Goal: Apply specification discipline to AI agent systems — constraints, contracts, and verification.

Agent specifications define what an agent must do, must not do, and what success looks like. Unlike compiler-enforced contracts, agent contracts are probabilistic — the agent might violate them. This makes precise specification more important, not less. A CLAUDE.md file is a behavioral specification. An output schema is a structural specification. Token budgets and timeouts are resource specifications.

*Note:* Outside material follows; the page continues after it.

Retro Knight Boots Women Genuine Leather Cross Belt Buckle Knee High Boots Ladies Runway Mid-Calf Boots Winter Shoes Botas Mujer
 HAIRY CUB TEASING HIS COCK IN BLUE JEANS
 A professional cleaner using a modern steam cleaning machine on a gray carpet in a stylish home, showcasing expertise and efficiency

  1. Write a behavioral specification

    ## Agent: Code Reviewer
    ### Input contract
    - Receives: git diff (unified format), file paths, PR description
    - Maximum context: 50,000 tokens
    ### Output contract
    - Returns: JSON array of findings
    - Each finding: {file, line, severity, message, suggestion}
    - severity ∈ {"critical", "warning", "info"}
    - At least one finding per file changed, or explicit "no issues found"
    ### Behavioral constraints
    - MUST flag security vulnerabilities as critical
    - MUST NOT approve changes to CI/CD pipelines without noting the risk
    - MUST NOT hallucinate line numbers — verify against the diff
    ### Resource bounds
    - Response within 60 seconds
    - Budget: 10,000 output tokens maximum
    ### Success criteria
    - Critical findings have zero false positives (precision > 99%)
    - All OWASP Top 10 vulnerabilities detected (recall > 90%)
  2. Test the specification

    Feed the agent three known-bad diffs:

    • A SQL injection vulnerability
    • A hardcoded secret
    • A race condition in concurrent code

    Verify the output matches the contract: correct JSON shape, severity levels applied correctly, line numbers match the diff.

  3. Evolve the specification

    Add a new requirement: “MUST flag dependency version changes and check for known vulnerabilities.” Update the input contract (needs access to vulnerability database), output contract (new finding type), and success criteria. Trace every change through the specification — what else must change?

  4. Compare specification levels

    Informal: "Review code for issues"
    Structured: Decision table of severity × category
    Schema: JSON Schema for output format
    Behavioral: MUST/MUST NOT constraint list
    Formal: State machine of review workflow

    Each level catches different failures. The informal spec misses edge cases. The schema catches malformed output. The behavioral constraints catch wrong judgments. The state machine catches workflow deadlocks.

Write a complete specification for an agent you use or build. Include input contracts, output contracts, behavioral constraints, resource bounds, and success criteria. Have the agent perform five tasks. Score its adherence to the specification. Where it fails, determine whether the fault lies in the specification (ambiguous) or the agent (non-compliant).